MATERIAL AND METHODS: The allogenic tendons were isolated and extracted using the chemical extraction method. Cartilage cells were isolated from New Zealand rabbits and identified by detecting type II collagenase. The allogenic tendon-autologous cartilage cells were transplanted to the damaged glenoid labrum. HE staining was used to observe inflammatory cells, Masson staining was used to observe muscle fibers, and scanning electron microscopy (SEM) was used to assess antigenicity of tendon tissues. PSA and AB staining were used to examine neutral protein mucopolysaccharide and acidic protein mucopolysaccharide, respectively. We assessed cartilage cell growth in autologous cartilage cells combined with allogenic tendon transplanted tissues.

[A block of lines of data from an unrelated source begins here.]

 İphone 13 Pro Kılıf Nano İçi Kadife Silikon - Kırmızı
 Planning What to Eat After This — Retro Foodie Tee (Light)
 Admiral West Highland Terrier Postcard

RESULTS: Allogenic tendons were well prepared using chemical extraction method due to use of HE staining, Masson staining, and SEM. TGF-ß1 treatment induced cartilage cell formation and triggered expression of acidic and neutral protein mucopolysaccharides. HE staining, Masson staining, PAS staining, and AB staining methods showed that autologous cartilage cells combined with allogenic tendon transplanted tissues had better growth of cartilage cells.
CONCLUSIONS: This study establishes the allogenic tendon-autologous cartilage cells reconstruction and transplantation approach and illustrated higher adhesive ability and growth ability, and better chondrogenesis in a rabbit model of glenoid labrum damage.